Data provided:
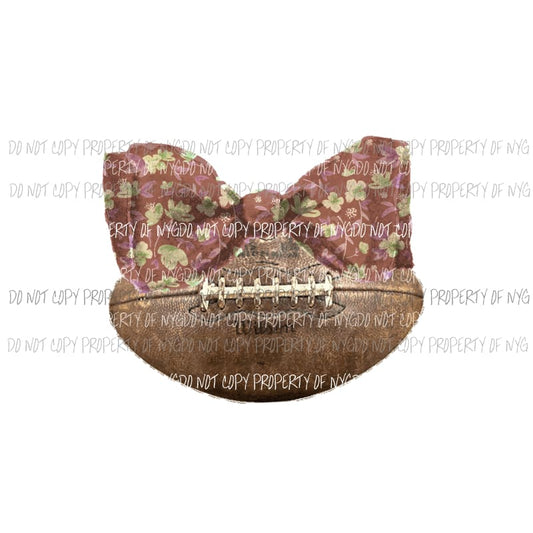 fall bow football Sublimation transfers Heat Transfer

--

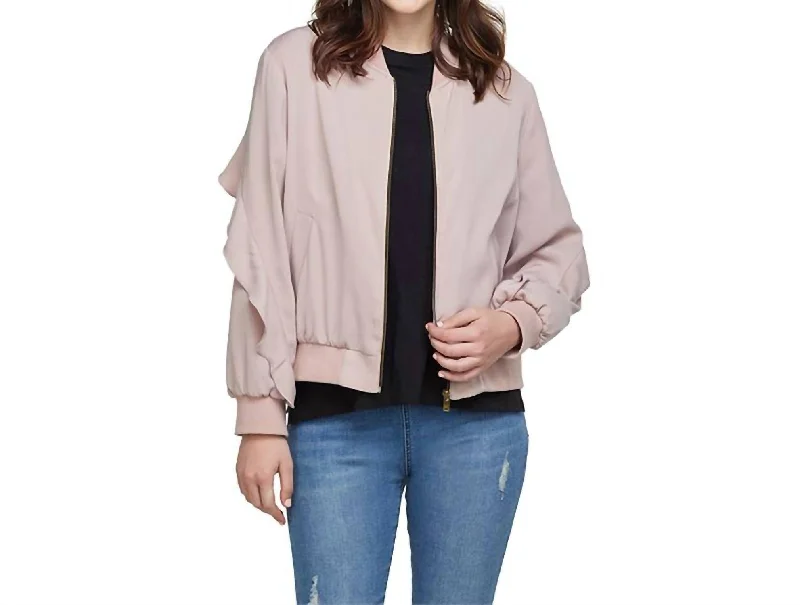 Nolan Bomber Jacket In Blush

==

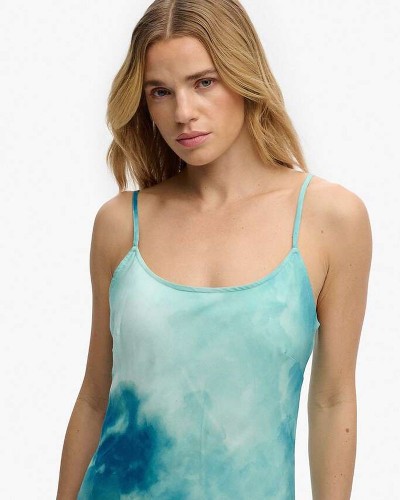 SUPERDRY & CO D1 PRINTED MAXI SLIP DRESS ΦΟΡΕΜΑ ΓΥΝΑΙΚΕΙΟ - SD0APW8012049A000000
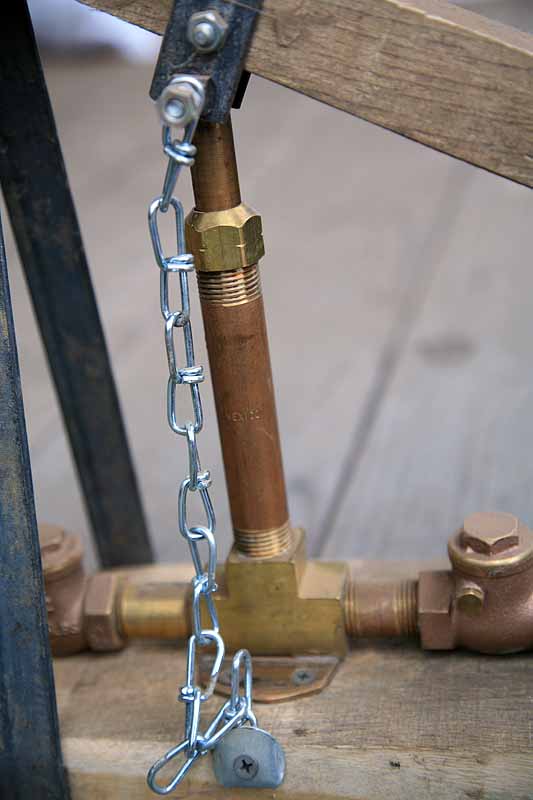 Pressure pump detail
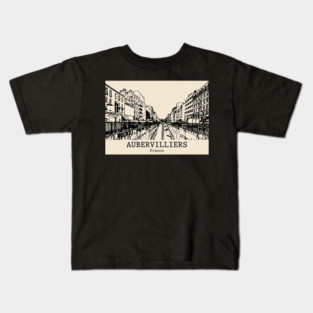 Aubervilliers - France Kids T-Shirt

Problem statement: Within the listing above, copy exactly the lines that start at the one with "SUPERDRY & CO" and continue through the one with "Aubervilliers - France Kids T-Shirt". Omit pictures.

Solved problem:
 SUPERDRY & CO D1 PRINTED MAXI SLIP DRESS ΦΟΡΕΜΑ ΓΥΝΑΙΚΕΙΟ - SD0APW8012049A000000
 Pressure pump detail
 Aubervilliers - France Kids T-Shirt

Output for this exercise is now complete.